Asbury Automotive Group reported on April 28 with the stock barely moving — but beneath that calm surface, short interest has climbed a third in a month and options traders have grown noticeably more cautious.
The sharpest signal sits in the short book. Short interest has risen 33% over the past month to 6.7% of the free float, the highest level in the recent record visible in ORTEX data. The build has been steady and methodical rather than reactive: shares short drifted up through late March, paused briefly in early April near 1.21 million shares, and then climbed again this week to roughly 1.29 million. That pace of accumulation — spread over weeks rather than a single day — suggests a deliberate bearish thesis rather than a flush of opportunistic hedging.
Options positioning corroborates the caution. The put/call ratio has risen to 0.86, about 1.3 standard deviations above its 20-day average of 0.62 — a meaningful shift toward hedging relative to ABG's recent norm. The move is clear when you look at the trajectory: through late March and early April the PCR ran below 0.5, but it has nearly doubled since then, climbing steadily as the earnings date approached. Borrow costs remain relaxed at 0.47%, and availability is still ample — the lending market is not tight — so the short rebuilding reflects sentiment rather than a technical squeeze dynamic.
The Street is broadly flat on direction but trimming targets. JP Morgan maintained its Underweight, cutting its target modestly to $235 from $240 in mid-April. Citigroup held Neutral but made a more aggressive cut to $212 from $260 in early April, signalling rising uncertainty on near-term numbers. Stephens stayed Overweight but also pulled its target to $254 from $277. The mean target across all analysts is $238 — about 19% above the current price of $200.56 — but the direction of travel has been downward. Valuation remains genuinely undemanding: the stock trades at a P/E of just 7.4x and 0.85x book, while EV/EBITDA is around 10.4x. The bull case rests on new vehicle unit growth running ahead of peers, up 9.7% per store year-on-year, and the longer-run $30 billion revenue ambition. Bears point to used vehicle sales per store declining faster than before and the Total Care Auto segment dragging on EPS in 2026.

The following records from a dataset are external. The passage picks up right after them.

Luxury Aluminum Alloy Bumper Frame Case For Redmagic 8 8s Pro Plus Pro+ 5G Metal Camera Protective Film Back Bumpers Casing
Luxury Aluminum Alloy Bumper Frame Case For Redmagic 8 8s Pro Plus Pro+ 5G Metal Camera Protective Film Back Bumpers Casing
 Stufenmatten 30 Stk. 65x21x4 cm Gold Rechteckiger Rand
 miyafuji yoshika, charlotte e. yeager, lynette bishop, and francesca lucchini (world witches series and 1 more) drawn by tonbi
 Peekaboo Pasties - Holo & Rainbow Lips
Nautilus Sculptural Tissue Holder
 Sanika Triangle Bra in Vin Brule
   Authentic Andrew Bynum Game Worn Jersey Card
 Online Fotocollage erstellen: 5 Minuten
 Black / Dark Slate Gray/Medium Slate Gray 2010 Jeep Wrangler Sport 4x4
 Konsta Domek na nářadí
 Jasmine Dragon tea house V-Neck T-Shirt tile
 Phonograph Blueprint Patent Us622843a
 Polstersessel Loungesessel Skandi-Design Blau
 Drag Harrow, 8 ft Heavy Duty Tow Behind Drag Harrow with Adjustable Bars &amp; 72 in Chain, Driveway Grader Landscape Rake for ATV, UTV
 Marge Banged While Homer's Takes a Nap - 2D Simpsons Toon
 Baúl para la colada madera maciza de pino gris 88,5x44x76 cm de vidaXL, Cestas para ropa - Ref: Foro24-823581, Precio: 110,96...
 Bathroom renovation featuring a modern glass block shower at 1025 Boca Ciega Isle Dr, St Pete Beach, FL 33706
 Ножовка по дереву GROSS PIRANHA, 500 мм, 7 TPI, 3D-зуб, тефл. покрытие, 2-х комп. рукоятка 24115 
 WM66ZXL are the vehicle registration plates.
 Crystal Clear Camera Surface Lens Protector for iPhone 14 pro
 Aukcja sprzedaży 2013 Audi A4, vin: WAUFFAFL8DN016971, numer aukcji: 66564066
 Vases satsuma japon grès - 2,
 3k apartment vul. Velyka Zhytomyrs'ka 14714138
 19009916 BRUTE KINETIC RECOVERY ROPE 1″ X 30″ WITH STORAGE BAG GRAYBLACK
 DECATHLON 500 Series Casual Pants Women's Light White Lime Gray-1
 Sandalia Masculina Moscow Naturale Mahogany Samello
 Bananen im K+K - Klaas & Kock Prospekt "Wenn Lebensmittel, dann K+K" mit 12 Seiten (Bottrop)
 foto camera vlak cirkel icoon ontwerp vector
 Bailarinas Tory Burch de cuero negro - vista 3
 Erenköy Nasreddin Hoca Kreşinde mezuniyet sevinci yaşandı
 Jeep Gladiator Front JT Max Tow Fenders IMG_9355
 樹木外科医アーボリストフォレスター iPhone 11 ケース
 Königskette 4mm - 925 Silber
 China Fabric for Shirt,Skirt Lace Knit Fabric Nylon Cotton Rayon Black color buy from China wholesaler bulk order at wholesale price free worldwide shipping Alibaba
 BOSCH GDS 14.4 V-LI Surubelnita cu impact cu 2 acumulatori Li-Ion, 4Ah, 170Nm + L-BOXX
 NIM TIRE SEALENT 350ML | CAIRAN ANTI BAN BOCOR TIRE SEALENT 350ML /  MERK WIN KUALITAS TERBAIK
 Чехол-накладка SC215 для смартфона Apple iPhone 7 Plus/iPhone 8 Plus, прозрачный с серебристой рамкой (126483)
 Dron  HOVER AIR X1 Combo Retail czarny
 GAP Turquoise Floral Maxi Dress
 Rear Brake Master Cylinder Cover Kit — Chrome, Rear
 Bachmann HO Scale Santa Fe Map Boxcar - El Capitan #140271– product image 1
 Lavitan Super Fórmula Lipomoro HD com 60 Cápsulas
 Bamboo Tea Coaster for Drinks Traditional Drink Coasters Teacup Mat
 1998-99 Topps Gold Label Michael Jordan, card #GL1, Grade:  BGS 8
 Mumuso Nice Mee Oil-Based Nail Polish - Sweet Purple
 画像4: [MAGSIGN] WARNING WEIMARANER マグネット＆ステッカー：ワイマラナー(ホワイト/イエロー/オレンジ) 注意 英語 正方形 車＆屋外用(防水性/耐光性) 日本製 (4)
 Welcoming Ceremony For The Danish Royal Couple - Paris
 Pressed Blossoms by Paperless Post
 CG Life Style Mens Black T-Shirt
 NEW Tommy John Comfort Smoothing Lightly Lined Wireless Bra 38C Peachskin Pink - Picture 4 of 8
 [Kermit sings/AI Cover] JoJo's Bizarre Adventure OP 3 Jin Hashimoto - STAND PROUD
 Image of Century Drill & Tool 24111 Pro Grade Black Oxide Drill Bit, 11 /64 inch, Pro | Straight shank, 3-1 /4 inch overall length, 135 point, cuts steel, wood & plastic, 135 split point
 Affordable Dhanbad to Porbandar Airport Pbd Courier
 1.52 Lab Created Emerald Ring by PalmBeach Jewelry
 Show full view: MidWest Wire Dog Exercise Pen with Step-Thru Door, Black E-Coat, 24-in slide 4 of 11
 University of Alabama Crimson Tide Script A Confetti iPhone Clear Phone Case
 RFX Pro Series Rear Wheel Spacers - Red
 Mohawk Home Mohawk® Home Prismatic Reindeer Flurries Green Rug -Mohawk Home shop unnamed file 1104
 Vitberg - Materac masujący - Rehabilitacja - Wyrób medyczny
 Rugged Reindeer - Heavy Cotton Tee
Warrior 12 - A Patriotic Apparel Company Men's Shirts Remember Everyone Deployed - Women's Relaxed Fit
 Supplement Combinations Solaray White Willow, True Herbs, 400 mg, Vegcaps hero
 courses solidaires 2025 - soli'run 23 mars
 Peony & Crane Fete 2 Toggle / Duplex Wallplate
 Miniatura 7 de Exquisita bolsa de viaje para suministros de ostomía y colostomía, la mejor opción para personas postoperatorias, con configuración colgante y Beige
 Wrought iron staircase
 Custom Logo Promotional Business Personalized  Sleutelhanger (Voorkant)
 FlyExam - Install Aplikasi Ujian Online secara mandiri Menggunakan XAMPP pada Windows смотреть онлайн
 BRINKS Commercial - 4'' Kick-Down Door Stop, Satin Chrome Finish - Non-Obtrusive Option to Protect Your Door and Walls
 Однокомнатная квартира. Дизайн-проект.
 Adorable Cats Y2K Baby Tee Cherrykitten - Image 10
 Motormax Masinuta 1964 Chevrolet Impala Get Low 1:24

One ownership detail is worth noting. CEO David Hult bought roughly 5,000 shares in early March at prices around $205, for a total outlay approaching $1 million. A director added a further 500 shares in the same week. Against that, the CFO and several other executives sold smaller amounts on March 5 — though these look like routine grant-related disposals given the simultaneous award filings. Net insider activity over 90 days is positive at around $3.5 million, driven almost entirely by Hult's open-market purchases near current price levels.
Peers offer a mixed picture this week. PAG gained 0.5% on the week while GPI was effectively flat and SAH outperformed with a 3.3% gain. ABG lost 3.6% over the same period, underperforming the group. AN was also weak, down 2.1%, suggesting the softer tone is partly a sector story and not specific to Asbury alone.
What to watch next: with no confirmed upcoming earnings date in the data, attention turns to whether the steady short rebuilding continues past the April 28 print or whether the post-earnings stasis causes some of those positions to unwind — the direction of the PCR over the next two weeks will be the clearest indicator of which way sentiment is settling.